For a Hemorrhagic Stroke, an endovascular procedure may be needed to stop the large brain bleed.
“So if they have a big blood clot that’s lodged in one of the carotid vessels that’s in the neck or the brain, we can pull that blood clot out,” Dr. Rizwan-Husain. “And that, again, is very time-sensitive. We can do that up to 24 hours, but we have various imaging techniques to see who’s eligible and who’s not.”
Depending on the side effects of the stroke you could be going to speech, physical or occupational therapy. Recovery time after a stroke is different for everyone. It can take weeks, months, or even years. While some people recover fully, others have long-term or lifelong disabilities.
“The question is ‘will I walk again, will I talk again, will I see again,’ ” Dr. Rizwan-Husain said. “Generally speaking, and this is not for specific strokes, but stroke recovery continues up to several months out. And that’s where I tell patients that you should not give up, you need to get the therapy. Rehab works phenomenally.”
Dr. Rizwan-Husain said it’s important to understand everyone’s brain is different and everyone’s blood vessels are different. There’s no one size fits all. Everyone has different risk factors that will affect their risk of stroke.

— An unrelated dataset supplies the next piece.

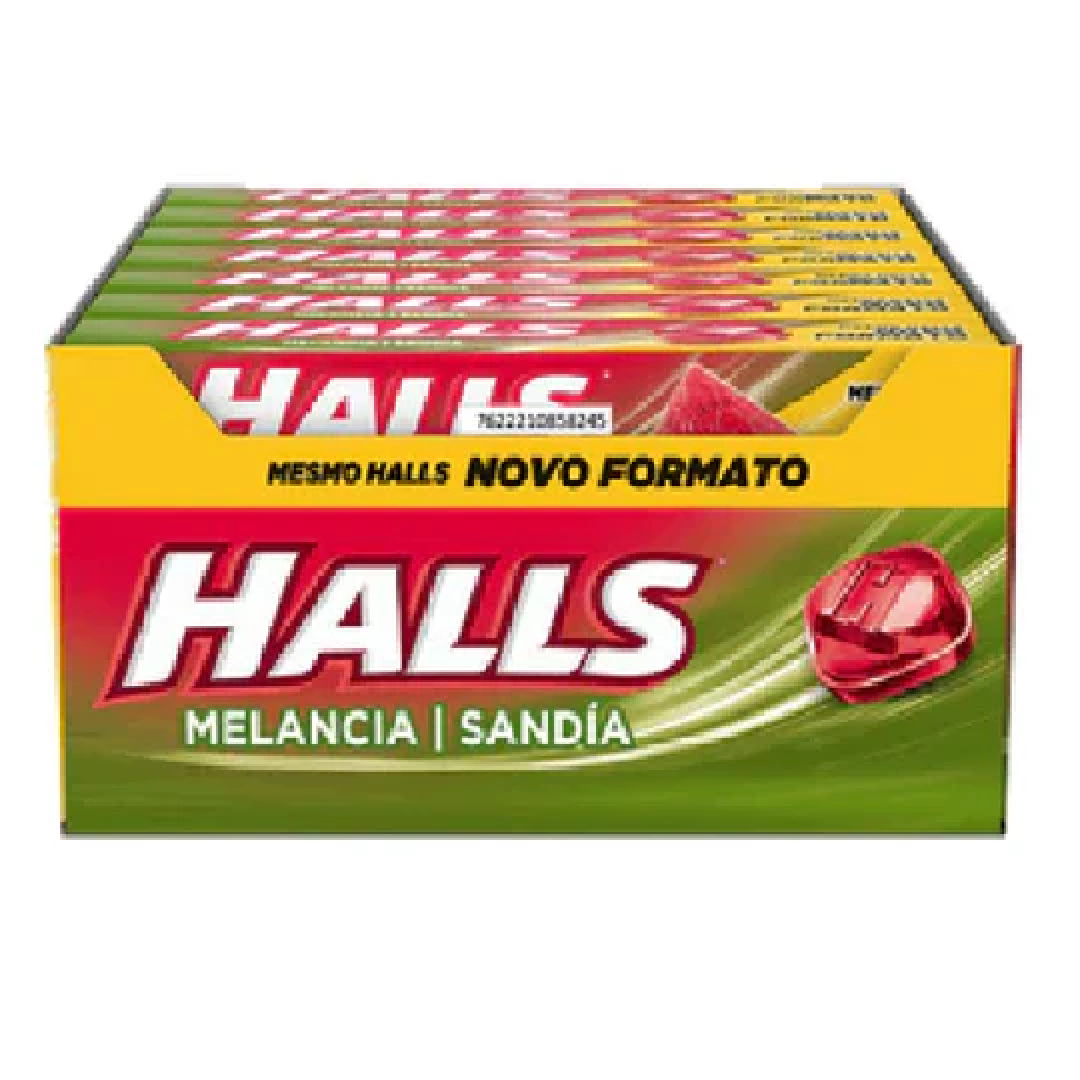 Halls Drops Watermelon Box 21 x 28g 588g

“For every specific stroke, you have to identify why they had the stroke,” Dr. Rizwan-Husain said. “So if someone has an irregular heart rhythm called atrial fibrillation, you want to put them on a different medication than aspirin to prevent another stroke from happening. If someone has cancer as a cause of the stroke, then you want to address that a little differently. If someone has a hole in the heart then you want to address that differently. So those are things that we would figure out during their hospital or hospital stay. And so we can address that once they leave the hospital.”
Dr. Rizwan-Husain said some people get scared all the time about getting screened for stroke-like symptoms.
“Someone who’s walking, who’s talking, who’s been independent all their whole life, now suddenly just cannot move an arm just gonna remove a leg cannot understand cannot speak,” Dr. Rizwan-Husain said. “So that is really bothersome for somebody and they’re scared. On that subject, there are some strokes that affect parts of the brain that cause people to be confused. And families might see the loved one and say, well, they’re just confused. I don’t know what’s happening, but they’re actually having a stroke. So whenever you don’t understand what’s happening. You’re better off, it’s safer for the patient, just bring them to the emergency room, and let us evaluate them right away.”